Charles R. Gillett, retired Dean of Union Theological Seminary, lived in Pelham
Manor at the time of The Blizzard of 1888.
He recorded his recollections in a manuscript now in the collection of
The Office of The Historian of The Town of Pelham. Much of the manuscript was published in 1991
in the book entitled THE PELHAM MANOR STORY.
Gillett recalled that townspeople were
marooned in their homes for a week and that “[t]hey were entirely cut off from
places in the neighborhood, and after the second day no one attempted to reach
any of the nearby towns.” Rev. Gillett
further recalled that over the course of the week his family had only one
visitor and that visitor, Henry E. Dey, had to use snowshoes to make his way
over the massive snow drifts.
The Little Red Church at Four Corners,
the tiny wooden predecessor to today’s Huguenot Memorial Church, showed
evidence of the forcefulness of the massive storm. During the gale, the fierce winds blew open
the church doors. The interior of the
lovely little church was coated with snow, later described by one Pelham
resident as “a beautiful layer of pure white snow, a very wonderful sight”.
In 1888, local government as we know
it was non-existent in Pelham. Villages
had not yet been incorporated and the “Town” was entirely incapable of dealing
with a storm of the magnitude of The Blizzard of 1888. Pelham neighbors had to help one another
through the ordeal, and they did.
Food, particularly meat and
vegetables, was a concern. According to
one account, it was not until later in the week that Joseph English was able to
make the rounds through parts of the Village of Pelham Manor to take orders
from homeowners for the things they needed.
English was known as “Uncle Joe” English. He has been described as a “lame man [who]
presided for a good many years selling tickets and caring for the mail, the
freight and such express matter” at the Pelham Manor Train Station on the
branch line.
English and his men made a “toilsome”
trip to New Rochelle to fill the orders for local residents and then delivered
the supplies back to local homeowners “to the great relief of the housekeepers”
who were still snowbound.
Coal for warmth was another
concern. There was no way to deliver
coal on the snow-laden streets. Thus,
“those whose supply of coal was low, suffered severely”.

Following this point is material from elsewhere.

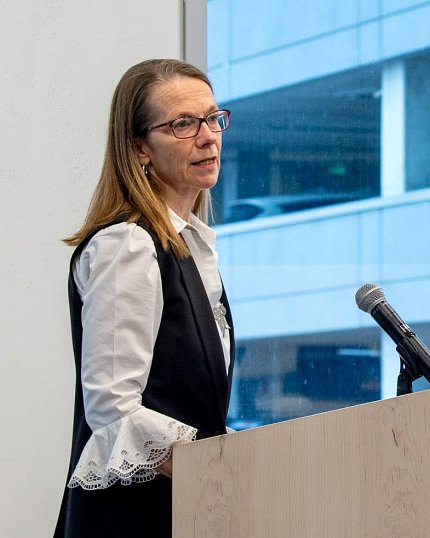 Dr. Nielsen speaks at a podium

One of the most colorful stories about
Pelham residents during The Blizzard of 1888 is one that could have ended in
tragedy but, happily, did not. Like
thousands of other working men and women who awoke to nearly 10 inches of snow
on Monday, March 12, two Pelham residents failed to grasp the magnitude of the
massive storm and tried to reach the City early that day.
The two residents, Henry W. Taft and
Alfred L. Hammett, clambered aboard the tiny little Harlem River Branch Line
train that left Pelham Manor Depot at 7:37 a.m. Monday morning. Little did they know the life-threatening
risk they were taking.
The tiny little train on which they traveled
was so small it was called “the little peanut train”. It consisted of a steam locomotive, a fire
tender and two passenger cars. At that
early date there reportedly was no steam heating system for the passenger cars,
so “the cars were heated by a stove at the end of each car.”

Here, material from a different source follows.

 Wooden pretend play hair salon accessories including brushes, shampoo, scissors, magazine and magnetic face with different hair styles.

After leaving Pelham Manor, the little
train passed Bartow Station and Baychester Station (and its bridge) and made it
to Westchester Station. Just past
Westchester Station, however, the tracks passed through a “cut” that had filled
with drifting snow. The train plowed
into the deep snow drift and there it stuck, stranding its passengers like
those of so many other trains in the region.
Soon the passengers had depleted all
available fuel for the little stoves that heated the cars. Next they began to break up and burn the
seats of the cars for additional warmth.
Later it became apparent that they were on their own. Messrs. Taft and Hammett decided to take
matters into their own hands, concluding that “their only escape lay in an
attempt to get back on foot through the drifts”.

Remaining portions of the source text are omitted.